Hi Ariel and Andre,
On Fri, Sep 30, 2011 at 9:39 AM, Ariel T. Glenn ariel@wikimedia.orgwrote:
Out of curiosity... If the new revisions of one of these badly edited pages are deleted, leaving the top revision as the one just before the bad iw bot edit, does a rerun of the bot on the page fail?
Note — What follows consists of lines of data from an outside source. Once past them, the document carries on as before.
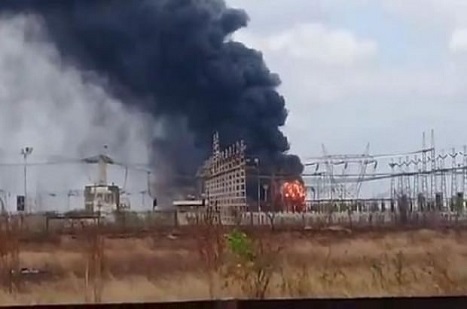 Venezuela'da patlama! Açık açık sabotaj!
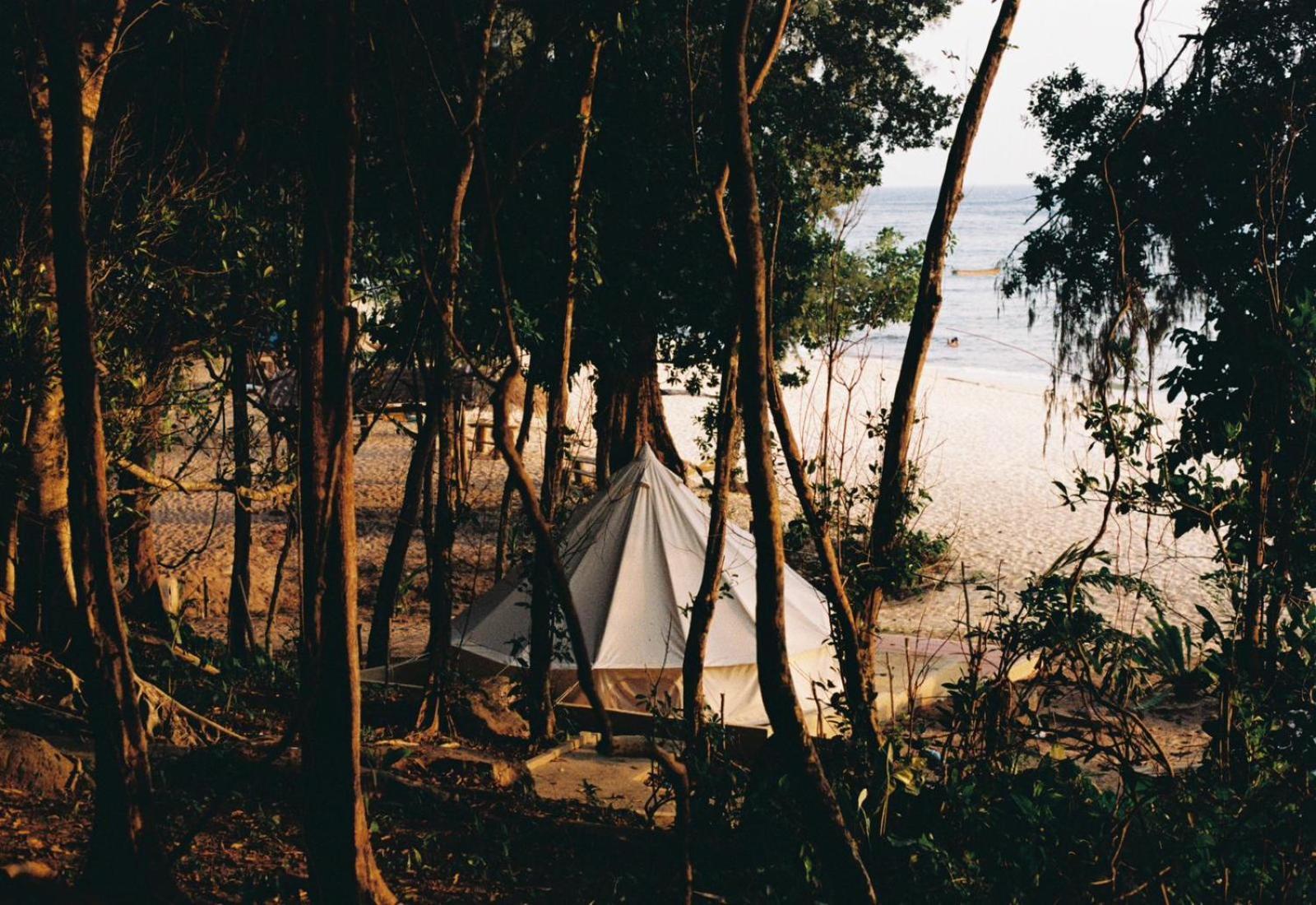 Kamaku Bungalows Koh Rong Samlon Eksteriør billede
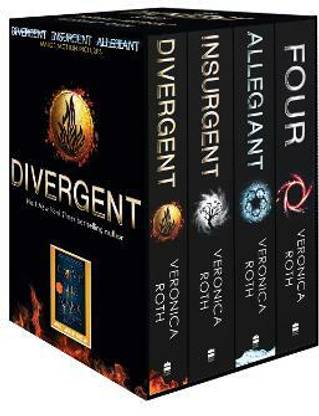 Divergent Series Box Set (books 1-4 plus World of Divergent)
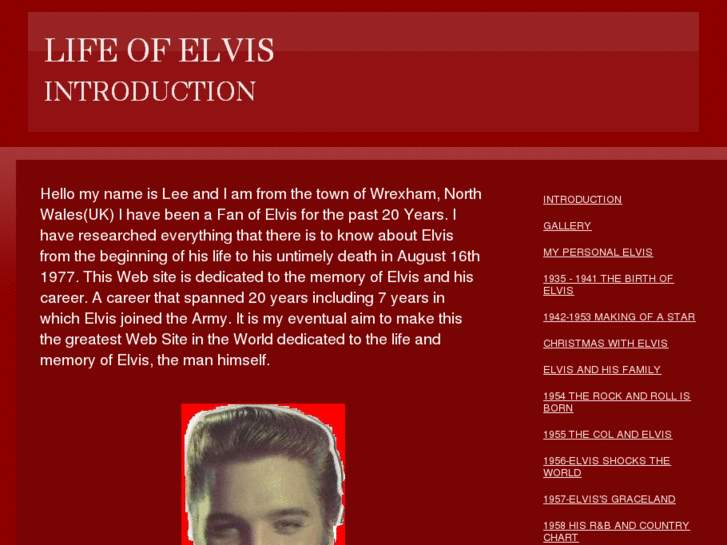 www.lifeofelvis.com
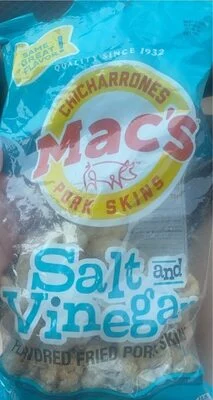 Mac’s pork rinds salt and vinegar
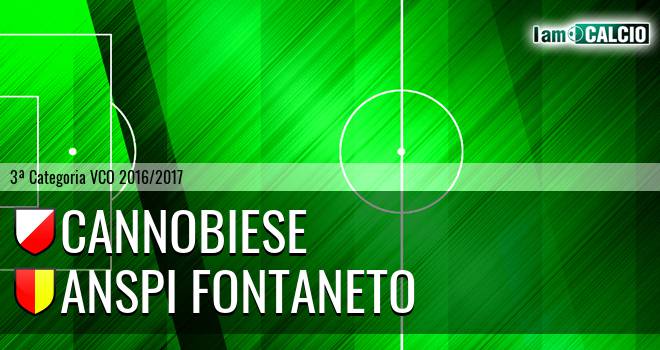 Cannobiese - Anspi Fontaneto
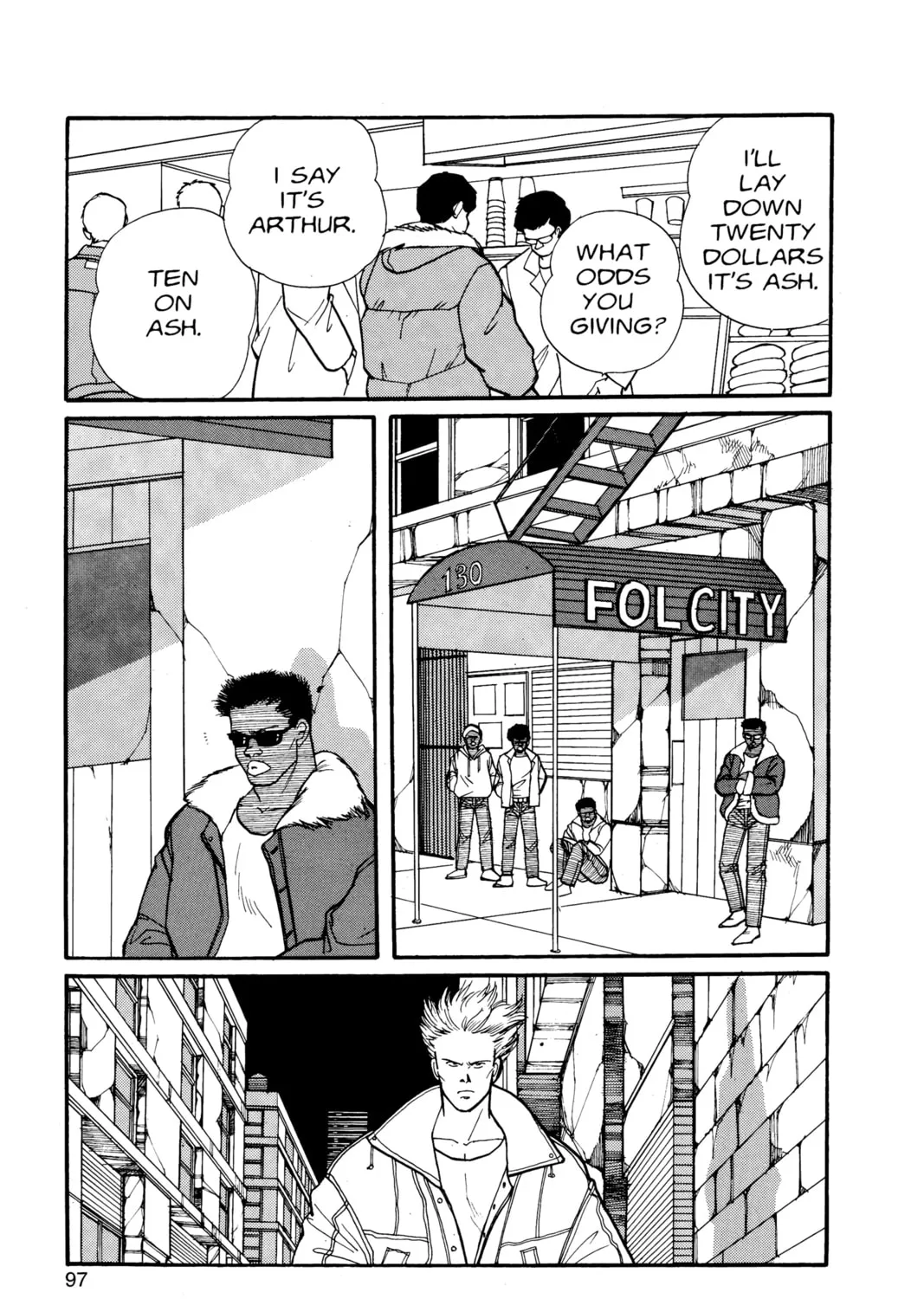 Read Banana Fish chapter 8 image 180 on Lezhin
On Fri, Sep 30, 2011 at 11:13 AM, Andre Engels andreengels@gmail.com wrote:
I deleted the page [[nl:Blankenbach]], then restored the 2 versions before the problematic bot edit. When now I look at the page, instead of the page content I get:
(...)
Using this undeleted version, and running interwiki.py, gives the expected result: valhallasw@dorthonion:~/src/pywikipedia/trunk$ python interwiki.py -page:Blankenbach NOTE: Number of pages queued is 0, trying to add 60 more. Getting 1 pages from wikipedia:nl... WARNING: Family file wikipedia contains version number 1.17wmf1, but it should be 1.18wmf1 NOTE: [[nl:Blankenbach]] does not exist. Skipping.
This also happens for running it from dewiki (python interwiki.py -lang:de -page:Blankenbach%20%28Begriffskl%C3%A4rung%29) or running as 'full-auto' bot (python interwiki.py -all -async -cleanup -log -auto -ns:0 -start:Blankenbach).
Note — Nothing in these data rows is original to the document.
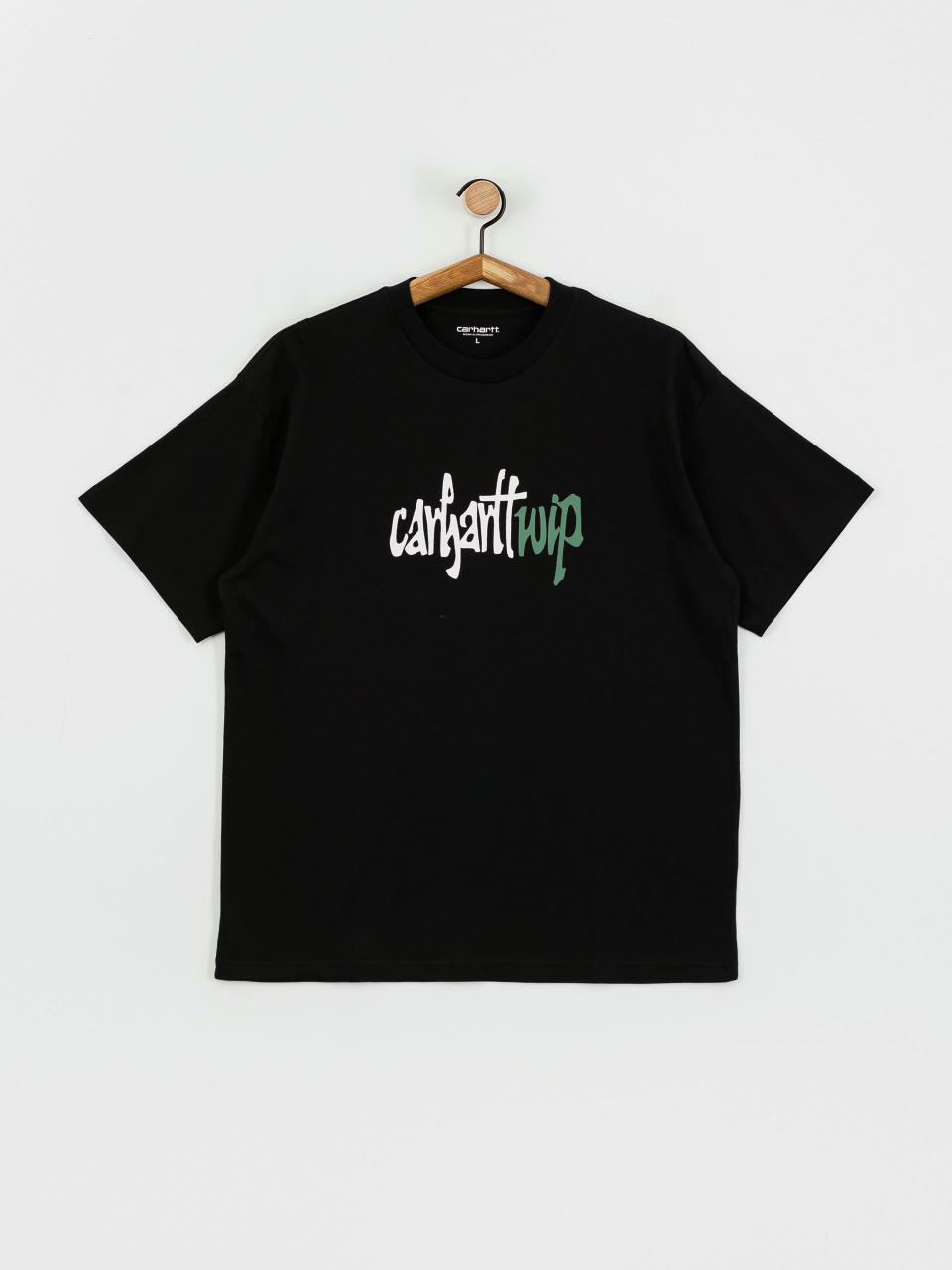 T-shirt Carhartt WIP Brush WIP (black)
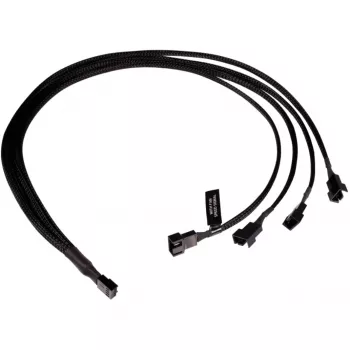 RGB-Splitterkabel Alphacool 18684 schwarz 600 mm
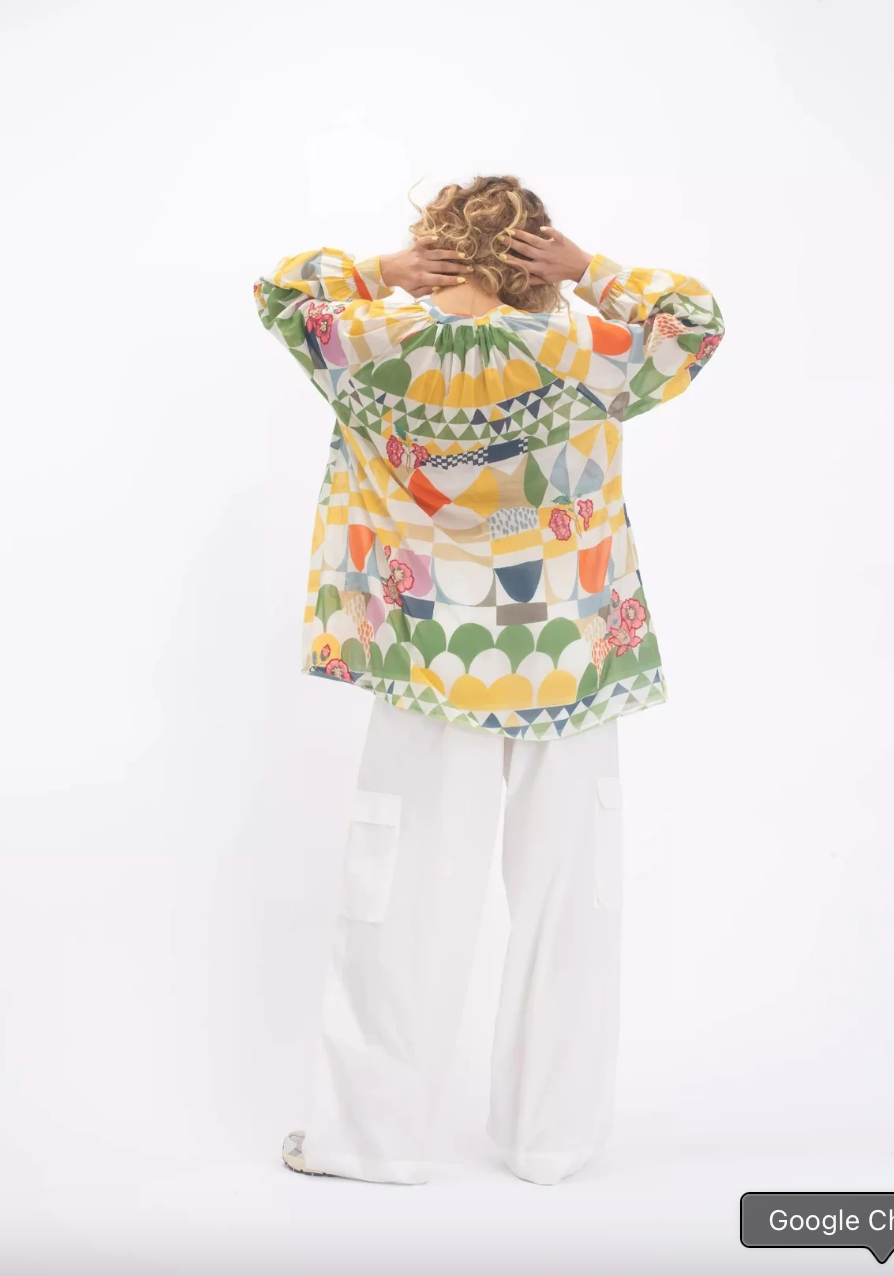 Blouse Lakshmi - V de Vinster
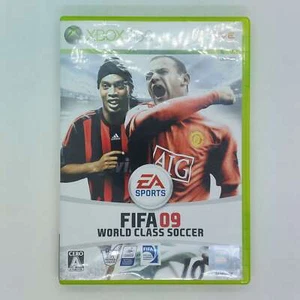 FIFA 09 World Class Soccer 2008 Xbox 360 Microsoft EA Sports Japanese Version - Picture 1 of 24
Special:Export acts like the page just does not exist (http://nl.wikipedia.org/w/index.php?title=Speciaal:Exporteren&useskin=mo... shows page Blanzac but not Blankenbach)
api.php also more or less does the expected thing: http://nl.wikipedia.org/w/api.php?action=query&prop=revisions&titles... - that is, unless you supply rvlimit=1: http://nl.wikipedia.org/w/api.php?action=query&prop=revisions&titles...
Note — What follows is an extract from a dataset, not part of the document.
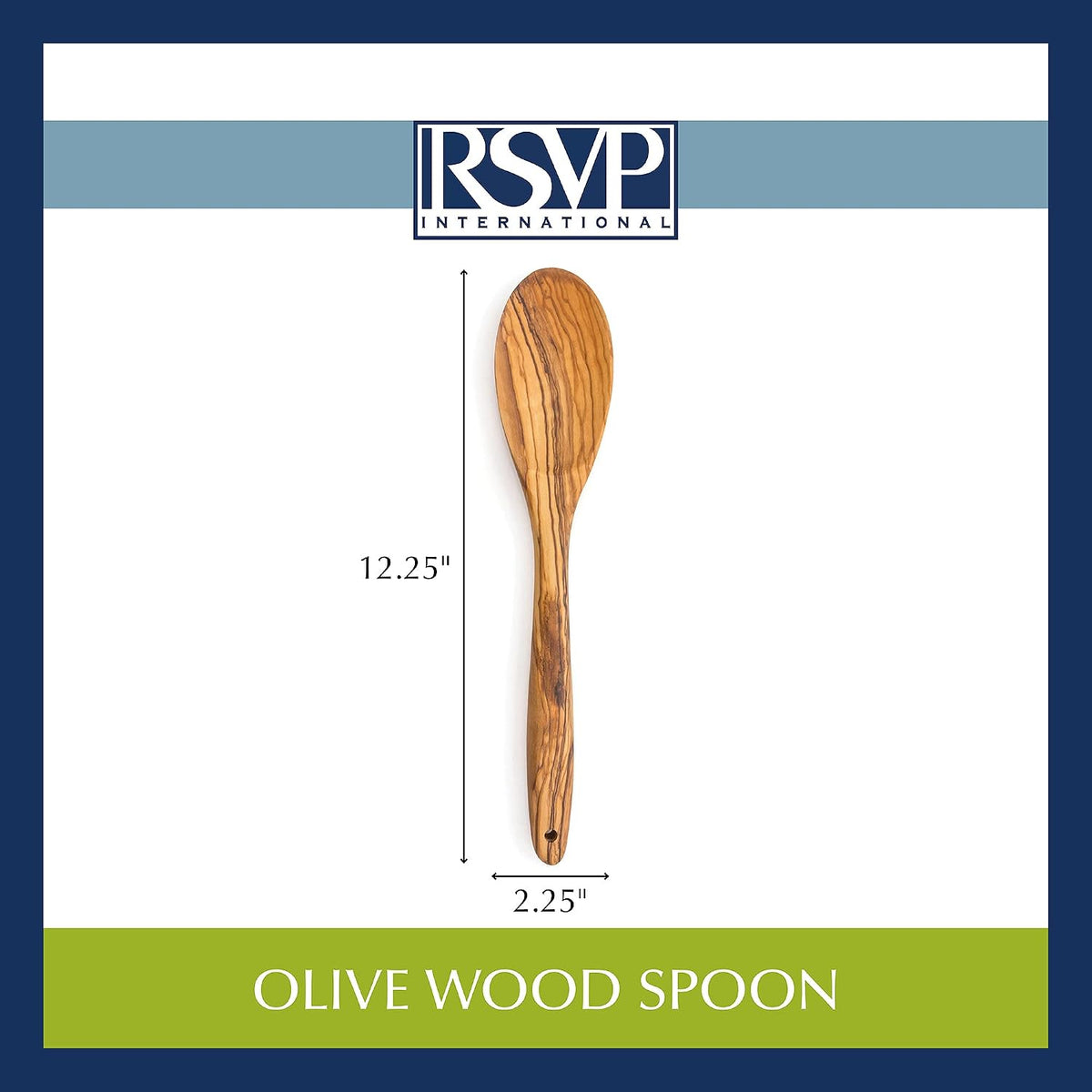 RSVP International Olive Wood Condiment Pinch Bowl, 3" | Rustic, Natural Authentic Italian Olive Wood | Classic Style for Kitchens, Tables, & More | Functional for Salts, Peppers, & Herbs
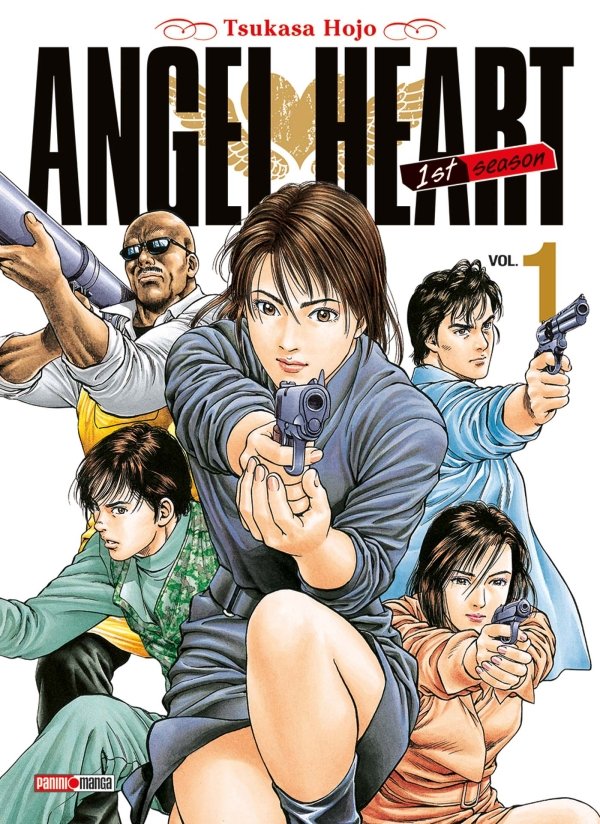Angel Heart Saison 1 T01 (Nouvelle édition)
However, none of them seem to return an empty page - and playing around with pywikipediabot does not allow be to get an empty page (depending on settings, it can either be the result on the edit page (page.get(), use_api=False / screen scraping), a pywikibot.exceptions.NoPage exception (PreloadingGenerator / wikipedia.getall, which uses Special:Export) or the correct page text (page.get(), use_api=True).
Anyway, thanks a huge heap for trying this (and for everyone, for thinking about it). Unfortunately, I won't have much time this weekend to debug -- hopefully some other pwb developer has.
Best regards, and thanks again, Merlijn
P.S. On 30 September 2011 11:12, Max Semenik maxsem.wiki@gmail.com wrote:
So you screen-scrape? No surprise it breaks. Why? For example, due to protocol-relative URLs. Or some other changes to HTML output. Why not just use API?
No, most of pywikipedia has been adapted to the api and/or special:export, which, imo, is just an 'old' mediawiki api. Keep in mind interwiki.py is old (2003!), and pywikipedia initally was an extension of the interwiki bot. Thus, there could very well be some code that is seldom used which still uses screen scraping. And actually, in practice, screen scraping worked pretty well.